5. Add 1 1/4 cup boiled and cooled milk. Keep whisking in low flame.

white sauce pasta step5

6. The mixture will start to thicken. At this stage add chilli flakes, pepper powder, salt and oregano.

7. keep whisking till the sauce further thickens and turns smooth

 

 

 

8. Add the sauted vegetables and mix well.
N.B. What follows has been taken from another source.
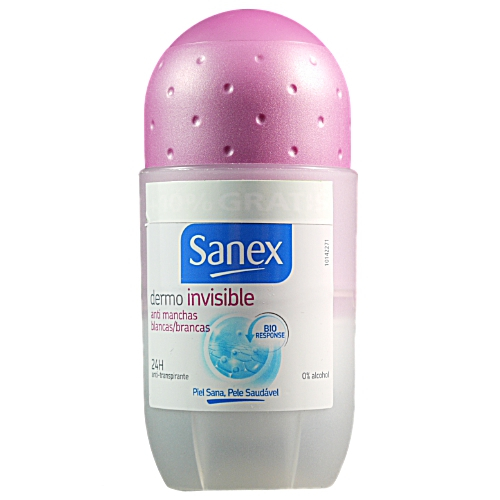 Sanex: Dermo Invisible - Deo Roll-on - 50ml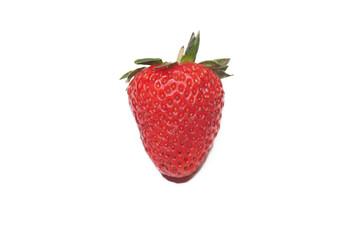 Strawberry isolated on a white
9. Add the boiled pasta to the prepared white sauce.

10. Mix well

11. serve and enjoy 😉 ❤

Eggless Homemade Vanilla Ice cream

INGREDIENTS

  •  Full fat milk – 3 1/2 cups
  •  Fresh cream – 400 ml (Amul)
  •  Corn flour – 1 1/2 tbsps, heaped (add to 1/2 cup of boiled and cooled milk and mix well)
  •  Vanilla extract – 1 1/2 tsps
  •  Sugar – 3/4 cup
  • Choco chip (optional)

METHOD

1.Place beaters and a wide stainless steel vessel in the freezer for an hour. Chill the fresh cream in the fridge for 2-3 hours.
2.Bring 3 1/2 cups of milk to a gentle boil and allow to simmer till it reduces to 2 3/4 cups. You have to constantly stir so that the bottom does not burn.
3.Add the sugar and continue to stir till the sugar dissolves completely. Slowly pour the corn flour milk mixture to the simmering milk and go on stirring for 8-10 mts. The mixture will thicken. Turn off flame and completely cool the mixture. Place in fridge to chill.
4.Remove the beaters, stainless steel vessel and fresh cream from the freezer. Pour the fresh cream into the chilled stainless steel vessel and beat the mixture well for 4-5 mts. Place the beaten fresh cream in the fridge until use.
5.Beat the chilled milk mixture for 3 mins . Add the beaten fresh cream and vanilla extract to the beaten milk mixture and beat on low for a mins or use a whisk to mix.
6.Divide the mixture into two shallow aluminum containers, cover with plastic wrap and place in freezer.
7.Remove the containers from freezer after an hour and use a spoon to mix the mixture for a mt. Break any ice formation by mixing thoroughly with a spoon.
8.Place the containers in the freezer and again remove after 45 mins. Use a spoon to mix the mixture thoroughly for a min. Continue this process two more times at 45 mins intervals.
9.Once the mixture has been mixed/agitated at least 3-4 times, again place in freeze for an hour. Remove the frozen mixture from the container to a blender and blend well to a smooth mixture.
10.Divide the blended mixture among the two containers, place lid and freeze for at least 4-6 hours.